Les deux séquences initiales de Paprika ont des vertus hypnotiques ; L’immersion onirique de la première a pour point d’origine un cirque : lieu baroque et inquiétant dans son ostentation, il nous rappelle les ambiguïtés du spectacle dans Lola Montès. Explorant tous les genres et sous genres possibles de l’aventure, du train d’Hitchcock à Tarzan, le parcours échevelé qui lui succède annonce un récit pour le moins mouvementé.
Mais avant que de retourner dans le délire du sommeil paradoxal, le générique du début achève de nous charmer : c’est le parcours de Paprika dans la ville. Sautillant comme le faisait sa grande sœur de Perfect Blue, elle habite la ville avec une aisance et une poésie fascinante. Passant d’une façade à un panneau publicitaire, revisitant les visages asiatiques qui placardent la cité de Blade Runner, la jeune fille mêle illusion et réalité dans une danse légère superbement animée.
La suite du récit n’est pas dénuée d’intérêt. La mise en abyme évidente entre le rêve et la création du cinéaste jalonnent un bon nombre de motifs du récit : la capacité à enregistrer les rêves, les références au cinéma, et surtout la quête de l’auteur, le responsable terroriste de cet univers mégalomaniaque.
Les jeux d’interpénétrations sur tous les supports iconiques (affiches, écrans, vitres, tapis, etc…) permettent une perméabilité des décors assez fascinante, de la même façon que les parcours dans les corridors et les ouvertures des portes sur des univers parallèles rappellent la délicieuse inquiétude des explorations spatiales d’Inland Empire de Lynch.
Les rêves en eux-mêmes sont l’occasion d’une débauche assez séduisante dans ses premières occurrences : bigarrés, fluides, déconcertants.
Mais voilà : plus le temps passe, plus on se prend à se demander où tout cela nous mène.
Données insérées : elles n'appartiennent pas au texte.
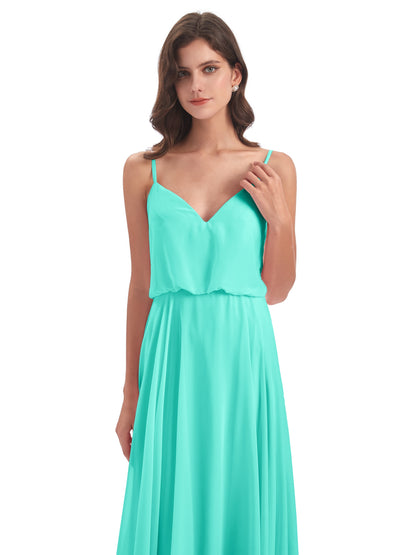 Leah Floor Length Spaghetti Straps Chiffon Bridesmaid Dresses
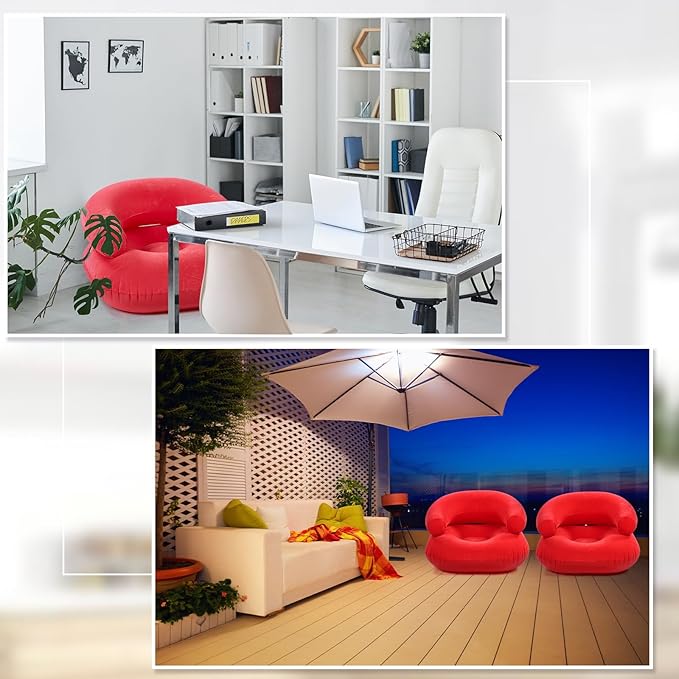 Threehoney 2 Pcs Inflatable Lounge Chair Deck Chair Lazy Sofa, Blow Up, Folding, Portable Couch for Home, Office Balcony, Floor Seating (Red)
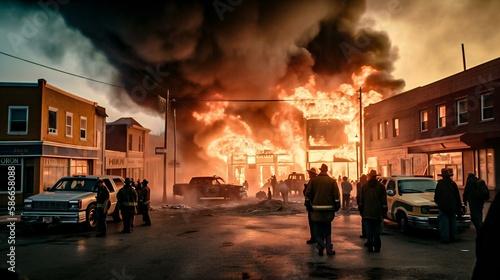 Old building burning in a fierce fire with thick smoke and huge flames, firefighters in action, created with help of Creative Ai © Bartlomiej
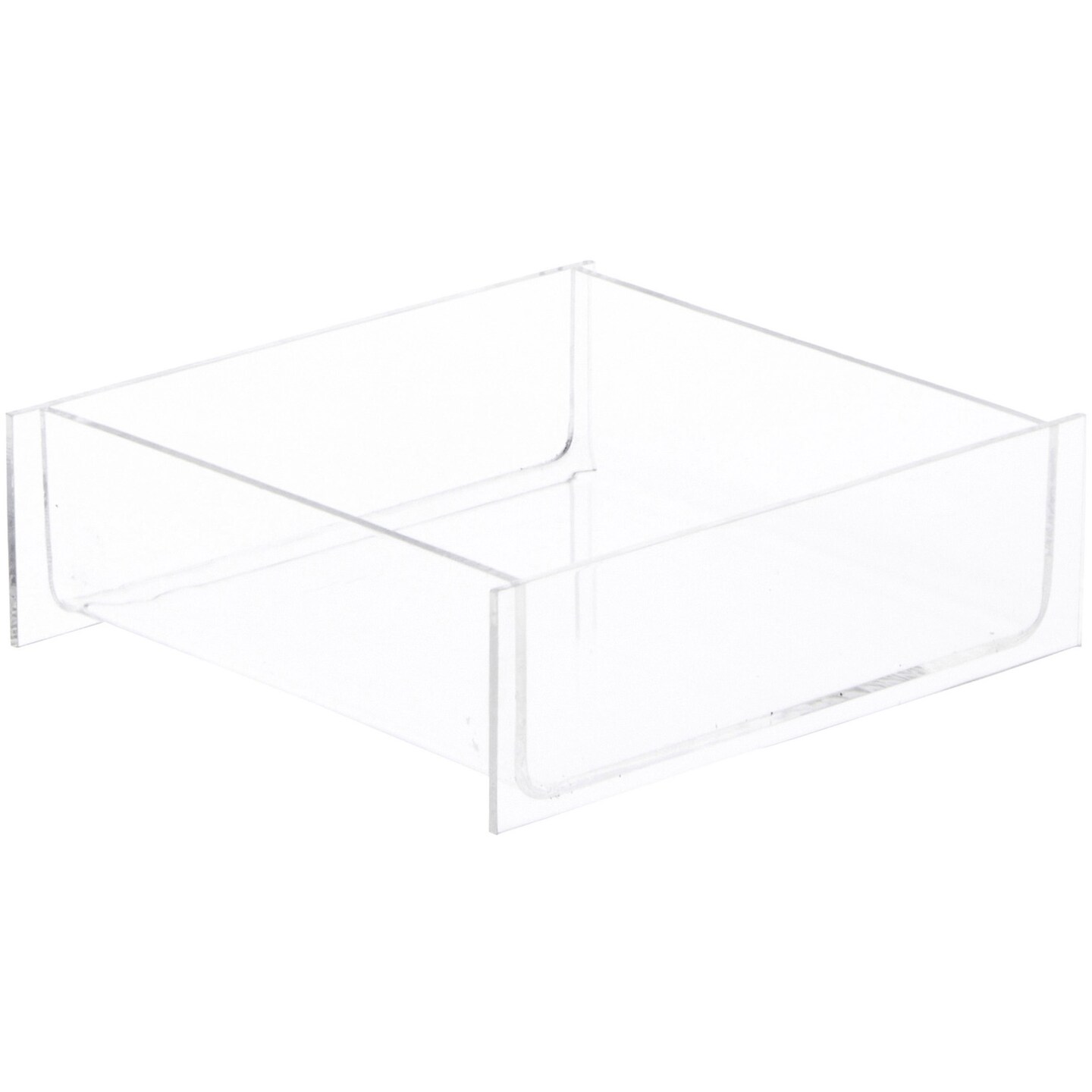 Plymor Clear Acrylic Square Open Top Merchandise Display Tray, 6&#x22; W x 6&#x22; D x 2&#x22; H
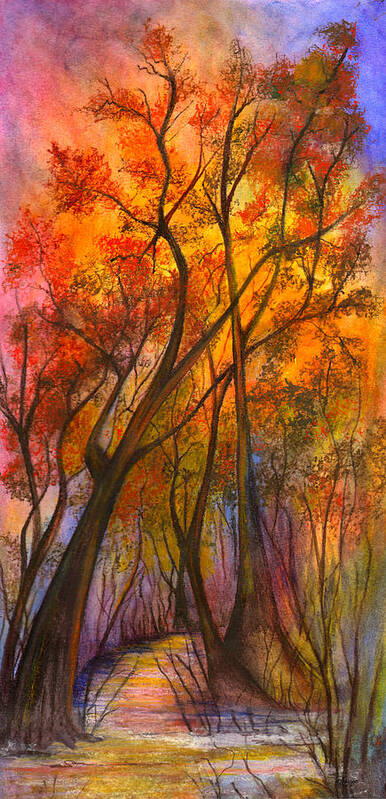 Sun Poster featuring the painting Fiery Sunset by Elaine Hodges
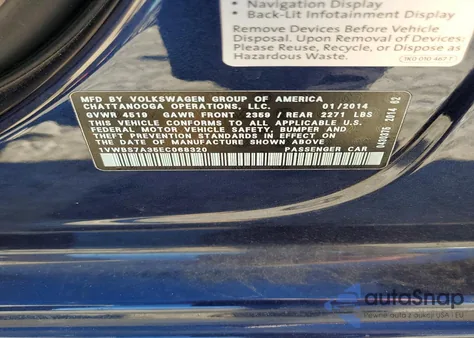 2014 Volkswagen Passat Se z USA, uszkodzony, nr VIN 1VWBS7A35EC068320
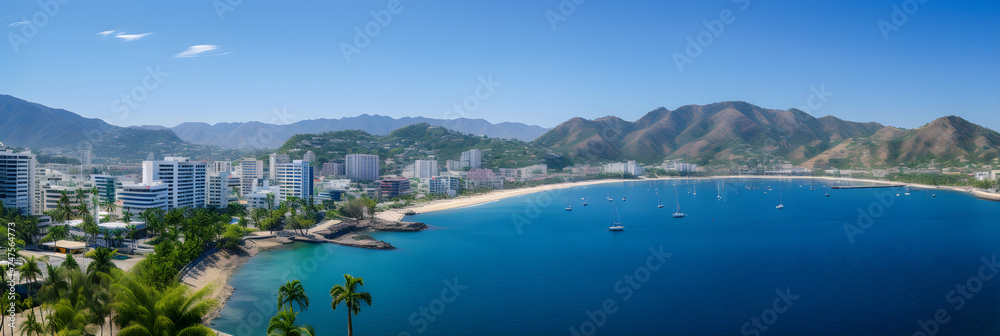 Panoramic Vista of the Sparkling Acapulco Bay, Mexico's Renowned Beach Resort 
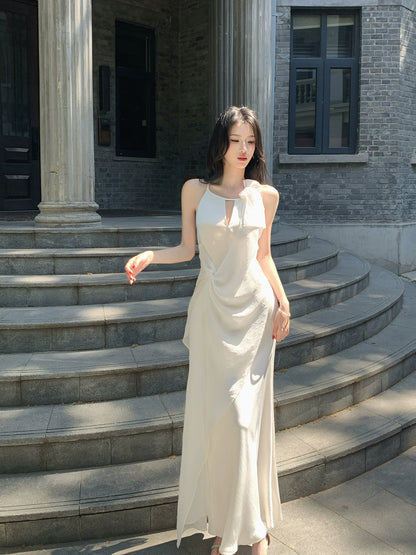 Halter White Mermaid Evening Dress  P1644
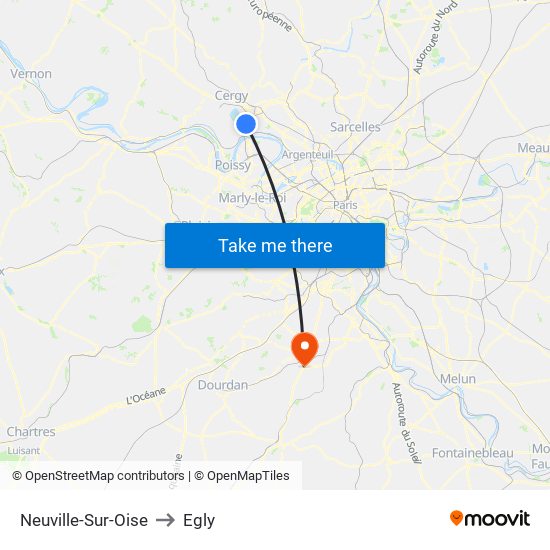 Neuville-Sur-Oise to Egly map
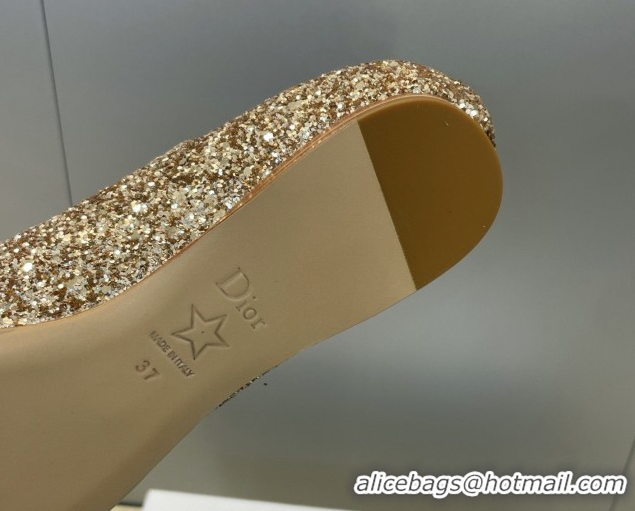 Duplicate Dior Very Dior Ballet Flats in Glitter Gold 2026 0303010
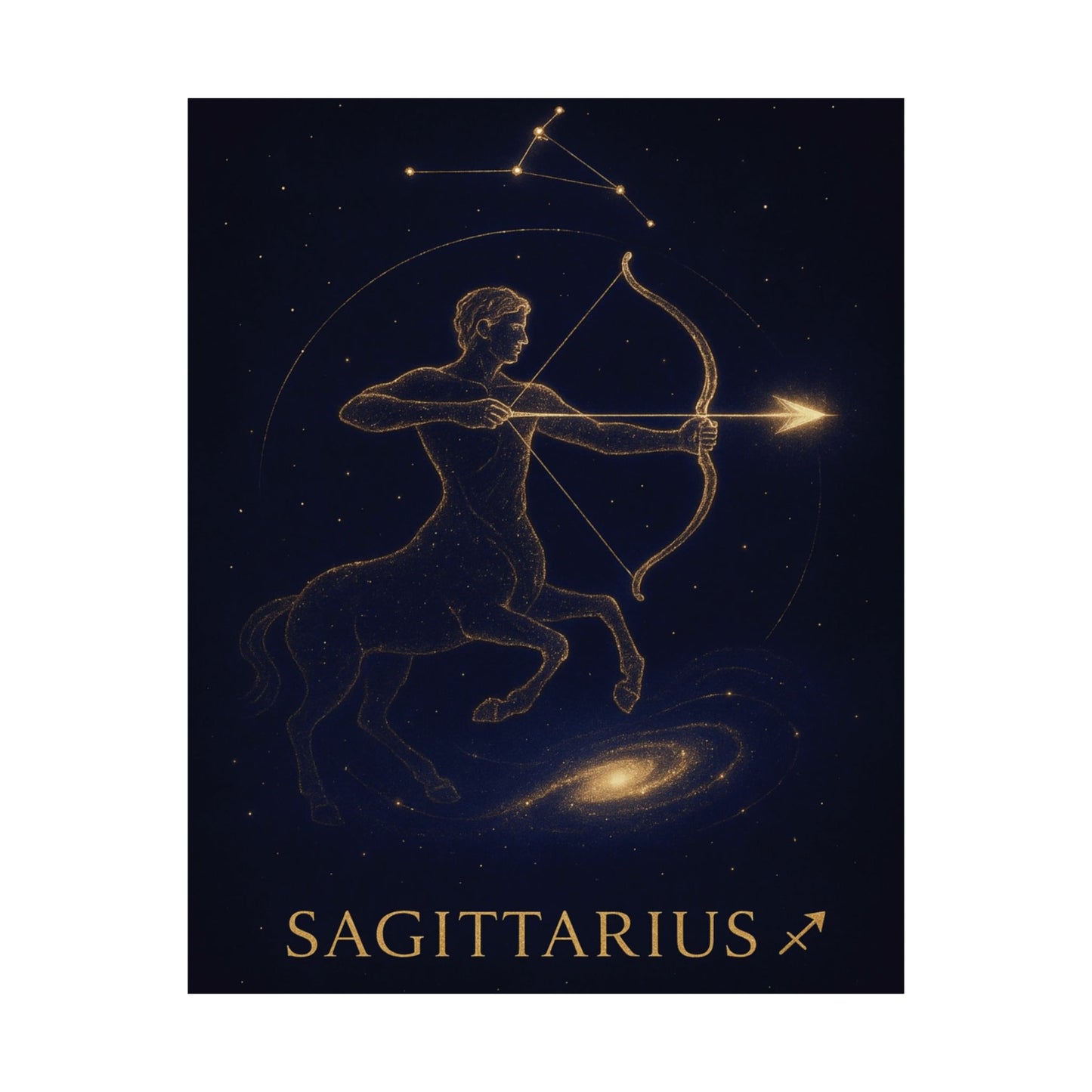 Sagittarius Zodiac Constellation Matte Poster – Golden Archer Astrology Wall Art Print (Multiple Sizes)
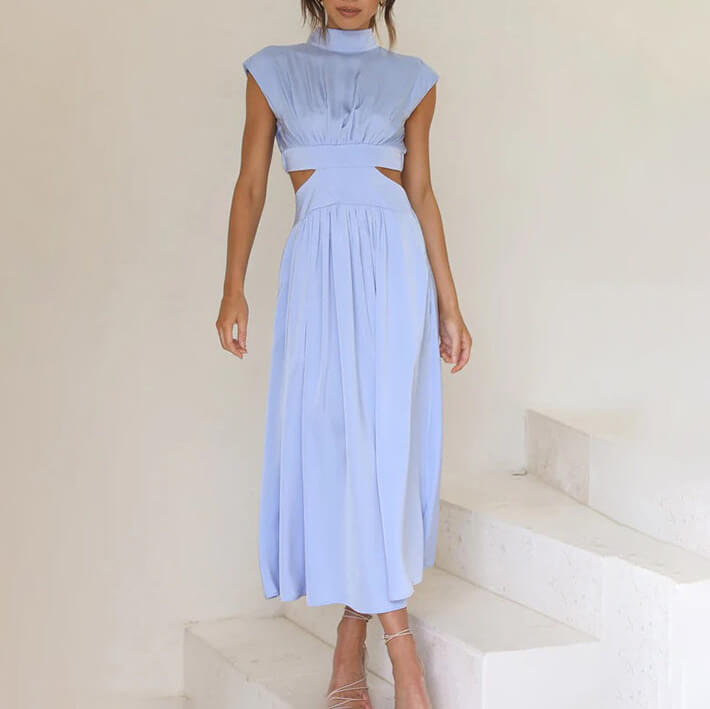 Ilaria Pleated Midi Dress with High Neck and Open Back in Light Blue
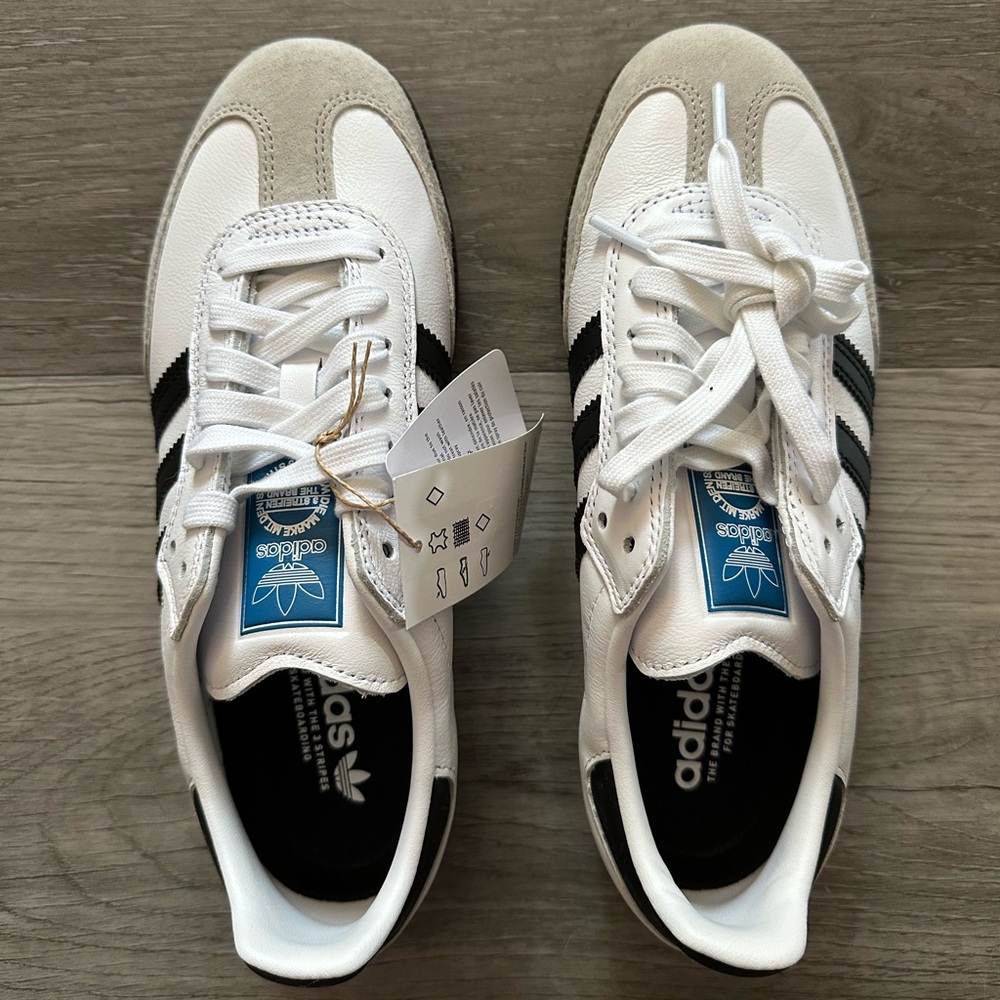 NWT Adidas Samba White and Gray leather Sneakers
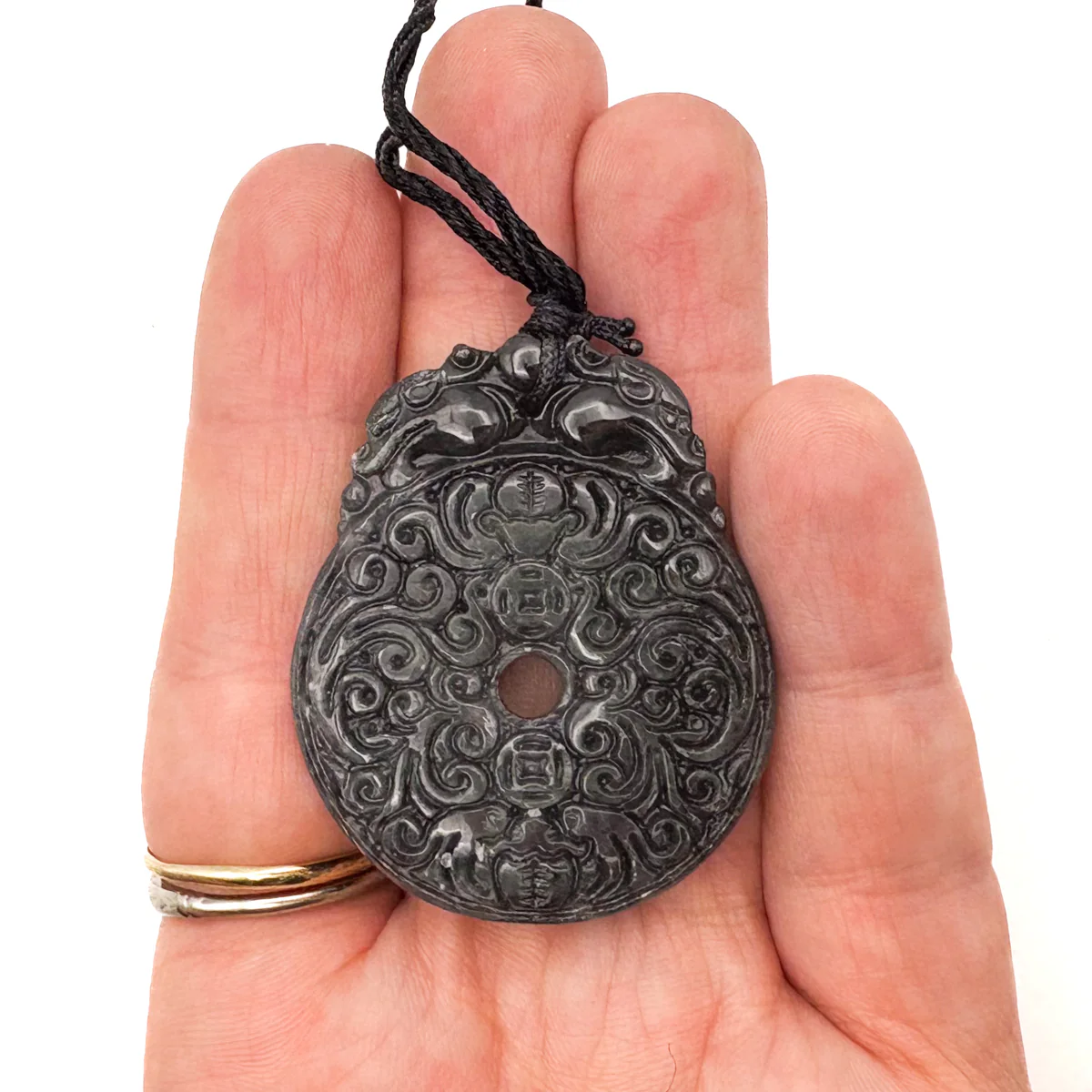 Certified Black Green Natural Type A Jade Jadeite Carved Bat Coin Moire Pendant - Image 11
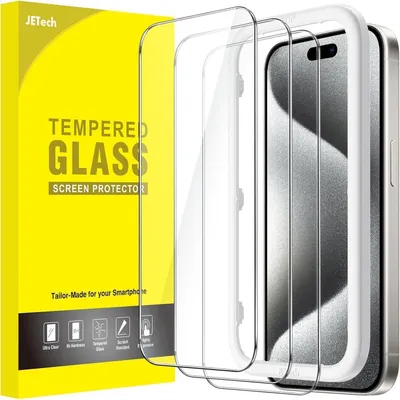 Immagine prodotto di Pellicola protettiva per iPhone 15 Pro da 6,1 pollici, vetro temperato per la protezione dello schermo, confezione da 3 pezzi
Si tout est possible, si tout est onirique, à quoi bon ? Quand s’arrêter ?
Et de réfléchir sur les vertus de la bande annonce d’un tel film (qu’en l’occurrence je n’ai pas vue) : certaines fulgurances, superbes, composeraient une splendide séquence, pleine de promesses d’un monde jusqu’à alors inexploré.
Le long métrage épuise ce mystère et annihile les vertus poétiques de son univers, passé au rouleau compresseur de la surenchère et du grand guignol final.
Saupoudrée sur le réel urbain, Paprika a la saveur étonnante d’un vernis nouveau qui le magnifie. Mais tout est question de dosage : l’excès d’épices brule la bouche… ou pique les yeux.